● **WORK ORDER**: Could you return all of the data exactly as given?

● **RECORDS**:
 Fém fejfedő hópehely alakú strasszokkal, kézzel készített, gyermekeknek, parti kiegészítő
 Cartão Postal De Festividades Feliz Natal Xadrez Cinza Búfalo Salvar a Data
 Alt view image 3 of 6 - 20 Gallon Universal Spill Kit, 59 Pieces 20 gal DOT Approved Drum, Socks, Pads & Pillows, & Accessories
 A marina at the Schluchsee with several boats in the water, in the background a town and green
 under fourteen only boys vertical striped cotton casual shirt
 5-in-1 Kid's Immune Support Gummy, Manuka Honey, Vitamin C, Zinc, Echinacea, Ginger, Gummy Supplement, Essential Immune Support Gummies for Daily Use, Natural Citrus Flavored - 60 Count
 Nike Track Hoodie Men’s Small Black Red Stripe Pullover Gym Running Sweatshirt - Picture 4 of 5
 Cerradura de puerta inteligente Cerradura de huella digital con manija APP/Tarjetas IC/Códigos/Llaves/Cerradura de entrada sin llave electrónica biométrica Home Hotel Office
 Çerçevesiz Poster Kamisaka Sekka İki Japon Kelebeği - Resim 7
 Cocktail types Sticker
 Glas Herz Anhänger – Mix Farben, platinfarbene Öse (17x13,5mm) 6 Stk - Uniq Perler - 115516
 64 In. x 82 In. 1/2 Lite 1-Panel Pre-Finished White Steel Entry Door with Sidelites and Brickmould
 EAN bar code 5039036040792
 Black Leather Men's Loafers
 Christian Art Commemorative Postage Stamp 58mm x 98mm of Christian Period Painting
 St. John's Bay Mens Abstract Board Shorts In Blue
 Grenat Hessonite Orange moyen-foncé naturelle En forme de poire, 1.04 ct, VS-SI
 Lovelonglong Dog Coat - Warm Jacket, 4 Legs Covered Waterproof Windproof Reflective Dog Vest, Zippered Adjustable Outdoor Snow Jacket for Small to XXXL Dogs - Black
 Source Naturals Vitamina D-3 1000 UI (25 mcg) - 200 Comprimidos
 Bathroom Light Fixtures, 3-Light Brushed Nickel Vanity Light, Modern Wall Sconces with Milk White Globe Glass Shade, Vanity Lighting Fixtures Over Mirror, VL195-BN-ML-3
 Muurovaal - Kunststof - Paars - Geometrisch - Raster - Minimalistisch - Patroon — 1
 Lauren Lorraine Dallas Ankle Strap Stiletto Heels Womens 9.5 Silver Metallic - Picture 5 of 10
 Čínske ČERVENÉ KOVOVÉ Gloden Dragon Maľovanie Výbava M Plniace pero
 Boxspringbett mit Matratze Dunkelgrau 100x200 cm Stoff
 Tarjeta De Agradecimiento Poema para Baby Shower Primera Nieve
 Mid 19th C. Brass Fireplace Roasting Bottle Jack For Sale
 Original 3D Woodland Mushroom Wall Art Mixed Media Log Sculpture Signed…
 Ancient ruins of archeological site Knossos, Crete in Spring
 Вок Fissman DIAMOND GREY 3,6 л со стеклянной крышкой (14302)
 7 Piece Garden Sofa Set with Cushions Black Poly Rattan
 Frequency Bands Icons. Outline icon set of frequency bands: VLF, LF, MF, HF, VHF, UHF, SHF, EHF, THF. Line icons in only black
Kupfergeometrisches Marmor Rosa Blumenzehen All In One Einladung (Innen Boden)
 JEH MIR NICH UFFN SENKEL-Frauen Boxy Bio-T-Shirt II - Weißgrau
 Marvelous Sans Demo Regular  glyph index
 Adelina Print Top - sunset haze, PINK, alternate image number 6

● **ANSWER AREA**:
 Fém fejfedő hópehely alakú strasszokkal, kézzel készített, gyermekeknek, parti kiegészítő
 Cartão Postal De Festividades Feliz Natal Xadrez Cinza Búfalo Salvar a Data
 Alt view image 3 of 6 - 20 Gallon Universal Spill Kit, 59 Pieces 20 gal DOT Approved Drum, Socks, Pads & Pillows, & Accessories
 A marina at the Schluchsee with several boats in the water, in the background a town and green
 under fourteen only boys vertical striped cotton casual shirt
 5-in-1 Kid's Immune Support Gummy, Manuka Honey, Vitamin C, Zinc, Echinacea, Ginger, Gummy Supplement, Essential Immune Support Gummies for Daily Use, Natural Citrus Flavored - 60 Count
 Nike Track Hoodie Men’s Small Black Red Stripe Pullover Gym Running Sweatshirt - Picture 4 of 5
 Cerradura de puerta inteligente Cerradura de huella digital con manija APP/Tarjetas IC/Códigos/Llaves/Cerradura de entrada sin llave electrónica biométrica Home Hotel Office
 Çerçevesiz Poster Kamisaka Sekka İki Japon Kelebeği - Resim 7
 Cocktail types Sticker
 Glas Herz Anhänger – Mix Farben, platinfarbene Öse (17x13,5mm) 6 Stk - Uniq Perler - 115516
 64 In. x 82 In. 1/2 Lite 1-Panel Pre-Finished White Steel Entry Door with Sidelites and Brickmould
 EAN bar code 5039036040792
 Black Leather Men's Loafers
 Christian Art Commemorative Postage Stamp 58mm x 98mm of Christian Period Painting
 St. John's Bay Mens Abstract Board Shorts In Blue
 Grenat Hessonite Orange moyen-foncé naturelle En forme de poire, 1.04 ct, VS-SI
 Lovelonglong Dog Coat - Warm Jacket, 4 Legs Covered Waterproof Windproof Reflective Dog Vest, Zippered Adjustable Outdoor Snow Jacket for Small to XXXL Dogs - Black
 Source Naturals Vitamina D-3 1000 UI (25 mcg) - 200 Comprimidos
 Bathroom Light Fixtures, 3-Light Brushed Nickel Vanity Light, Modern Wall Sconces with Milk White Globe Glass Shade, Vanity Lighting Fixtures Over Mirror, VL195-BN-ML-3
 Muurovaal - Kunststof - Paars - Geometrisch - Raster - Minimalistisch - Patroon — 1
 Lauren Lorraine Dallas Ankle Strap Stiletto Heels Womens 9.5 Silver Metallic - Picture 5 of 10
 Čínske ČERVENÉ KOVOVÉ Gloden Dragon Maľovanie Výbava M Plniace pero
 Boxspringbett mit Matratze Dunkelgrau 100x200 cm Stoff
 Tarjeta De Agradecimiento Poema para Baby Shower Primera Nieve
 Mid 19th C. Brass Fireplace Roasting Bottle Jack For Sale
 Original 3D Woodland Mushroom Wall Art Mixed Media Log Sculpture Signed…
 Ancient ruins of archeological site Knossos, Crete in Spring
 Вок Fissman DIAMOND GREY 3,6 л со стеклянной крышкой (14302)
 7 Piece Garden Sofa Set with Cushions Black Poly Rattan
 Frequency Bands Icons. Outline icon set of frequency bands: VLF, LF, MF, HF, VHF, UHF, SHF, EHF, THF. Line icons in only black
Kupfergeometrisches Marmor Rosa Blumenzehen All In One Einladung (Innen Boden)
 JEH MIR NICH UFFN SENKEL-Frauen Boxy Bio-T-Shirt II - Weißgrau
 Marvelous Sans Demo Regular  glyph index
 Adelina Print Top - sunset haze, PINK, alternate image number 6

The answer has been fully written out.